[Image-text web data]
========================================================================

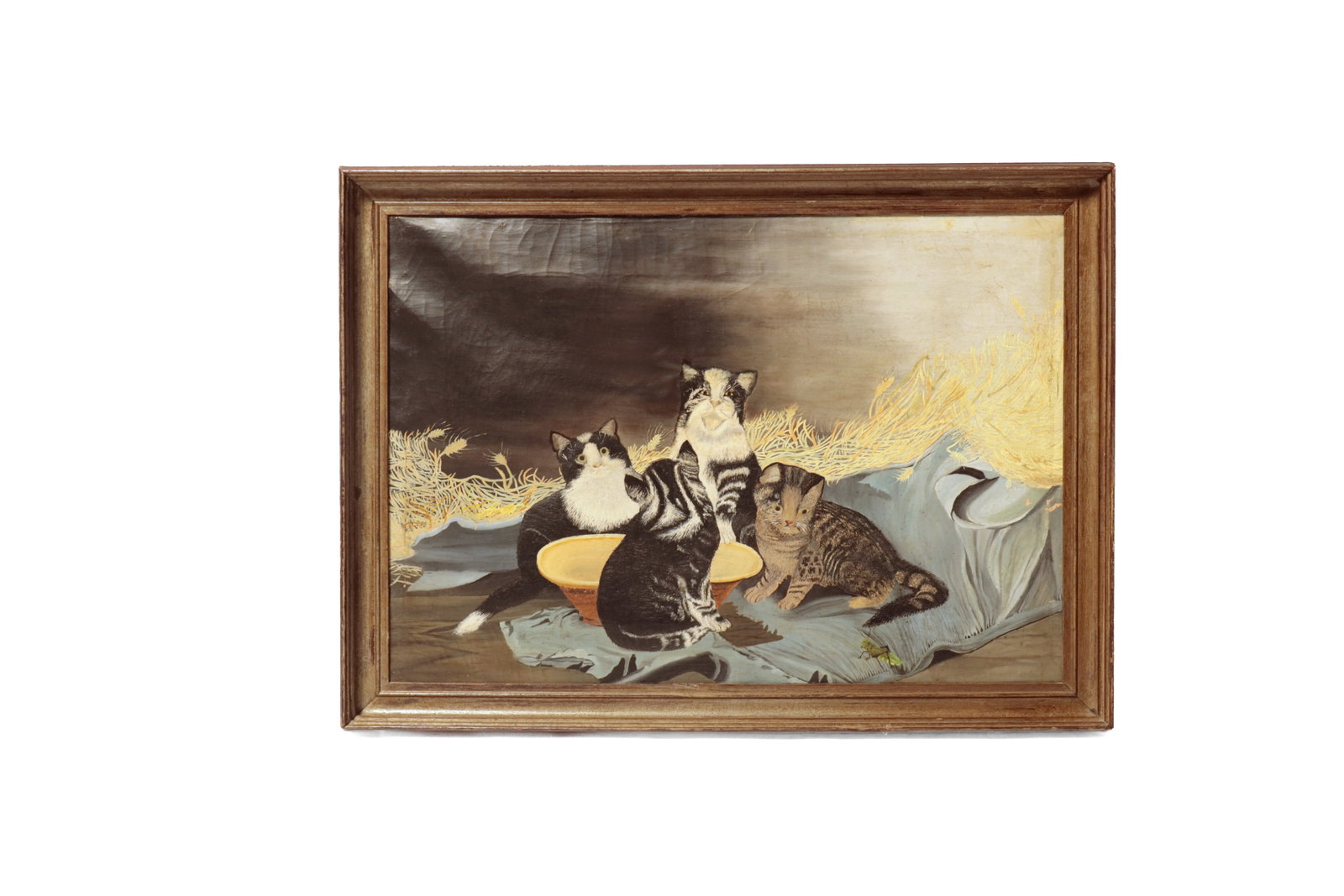 AMERICAN SCHOOL OIL ON CANVAS OF CATS.: AMERICAN SCHOOL OIL ON CANVAS OF CATS. 19th Century. Unsigned. A view of four kittens, huddled around a bowl, on a straw-filled bed with a grasshopper on the edge. 18.75"h. 27"w. In a wooden frame,
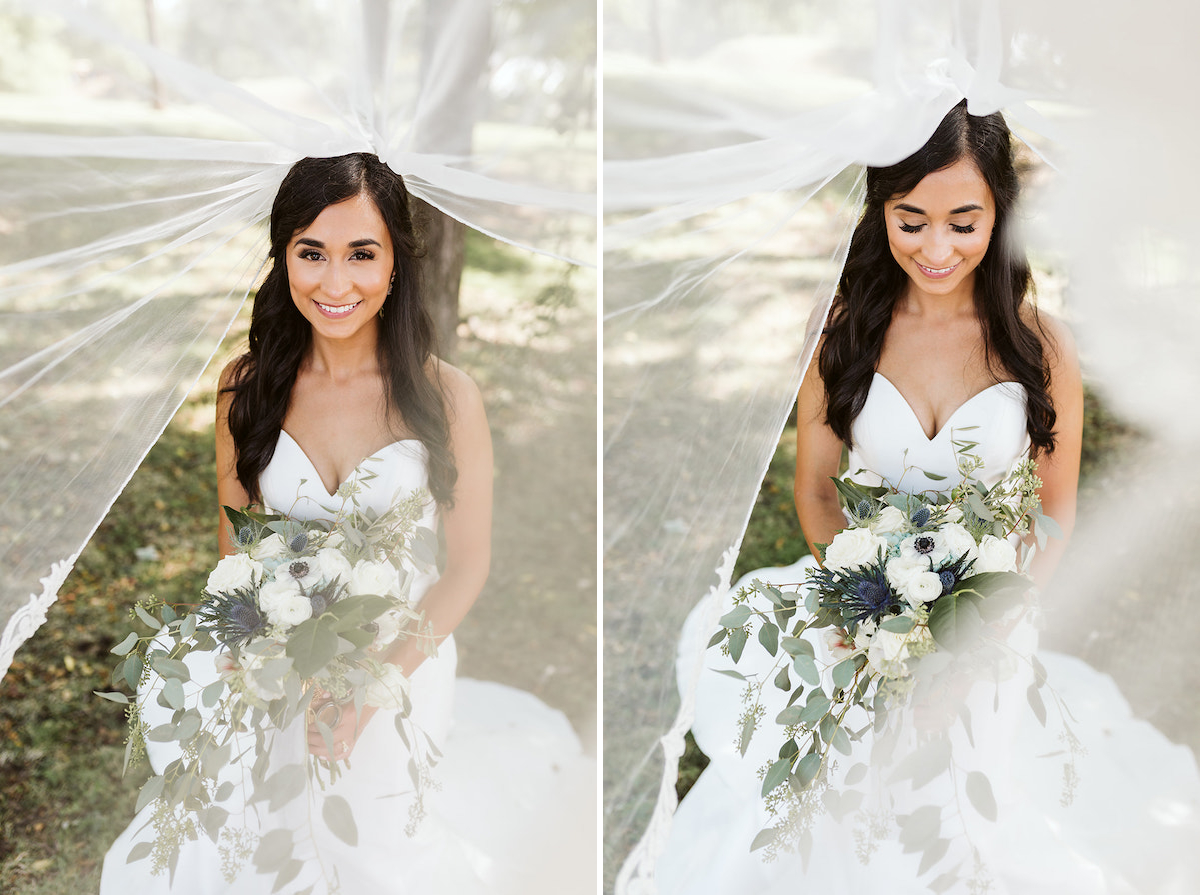 bride smiles and looks at her bouquet as her veil streams over her head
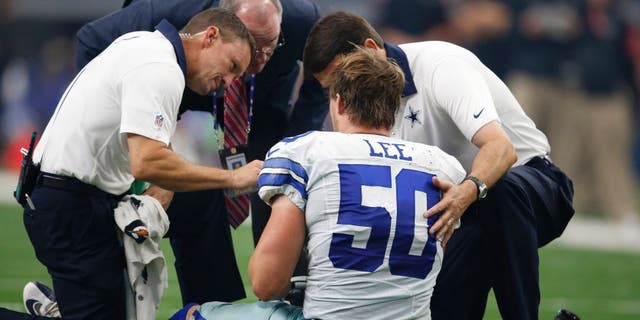 Sep 27, 2015; Arlington, TX, USA; Dallas Cowboys linebacker Sean Lee (50) is attended to after an injury in the third quarter against the Atlanta Falcons at AT&amp;T Stadium. Mandatory Credit: Matthew Emmons-USA TODAY Sports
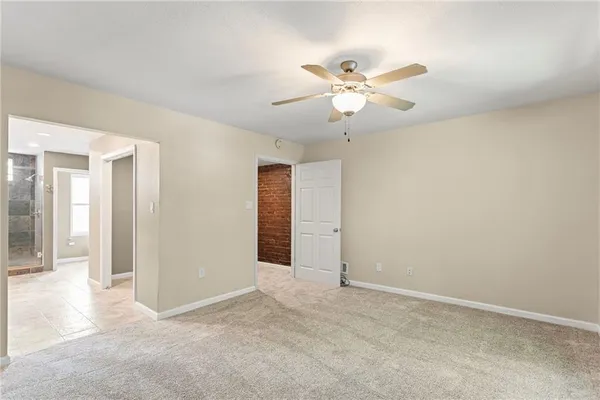 an empty room with closet and fan
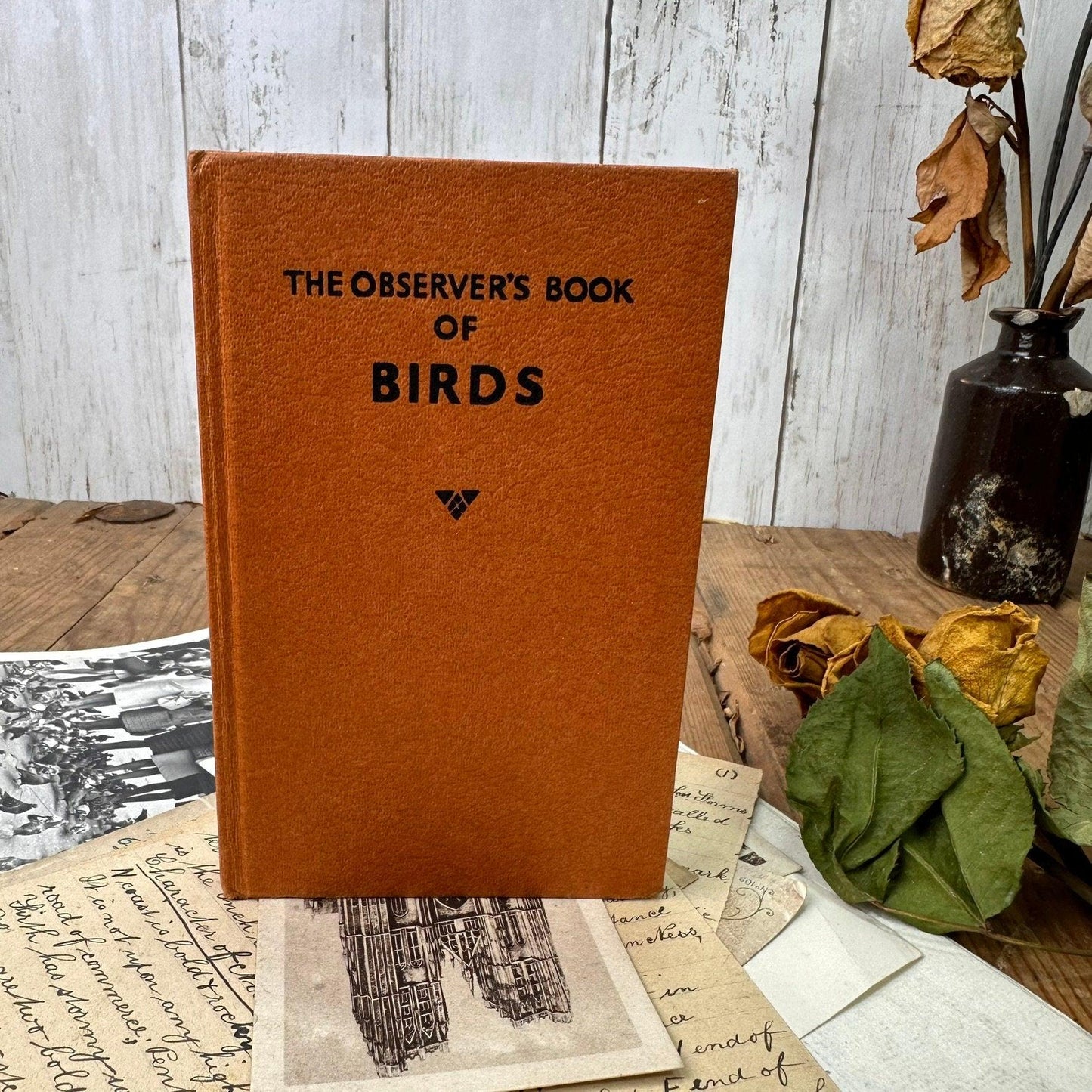 Vintage orange book titled The Observer's Book of Birds on wooden table with old letters and dried roses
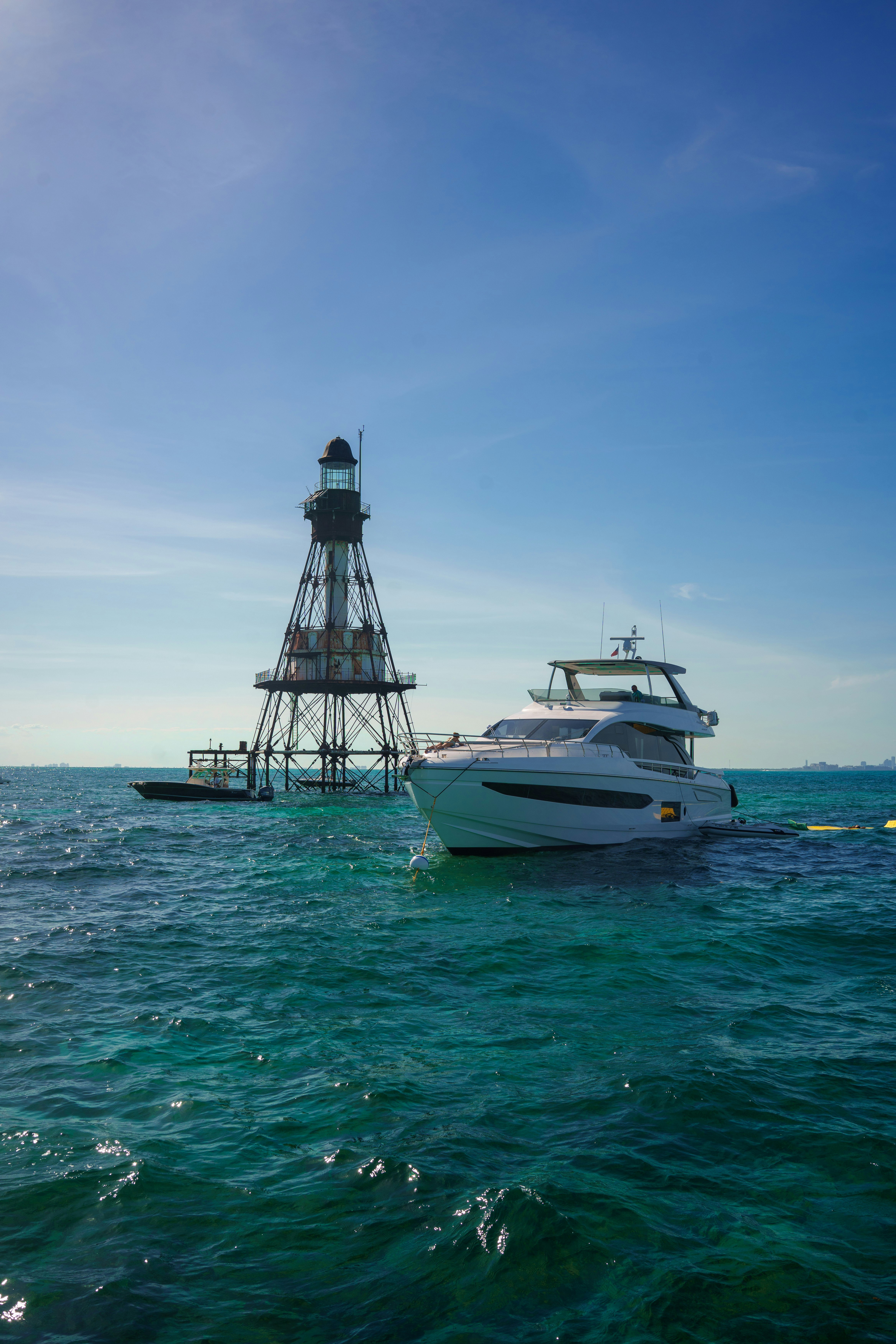 A yacht sails near a metal beacon.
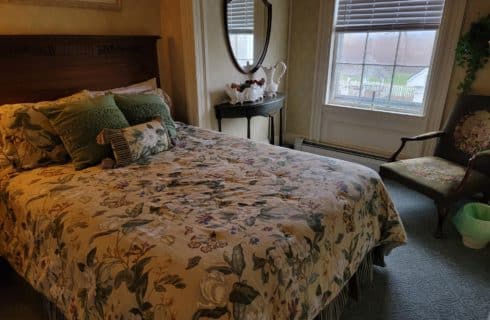 Bedroom with queen bed with floral comforter and window overlooking mountains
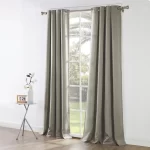 light gray blackout curtains hang on a chrome curtain rod in front of a large window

========================================================================

▶ Work to complete
Transcribe exactly, and only, the lines from the one containing "A yacht sails near a metal beacon." through the last line of the records above, both included; leave out the pictures.

▶ Response to this exercise
 A yacht sails near a metal beacon.
 Bedroom with queen bed with floral comforter and window overlooking mountains
 light gray blackout curtains hang on a chrome curtain rod in front of a large window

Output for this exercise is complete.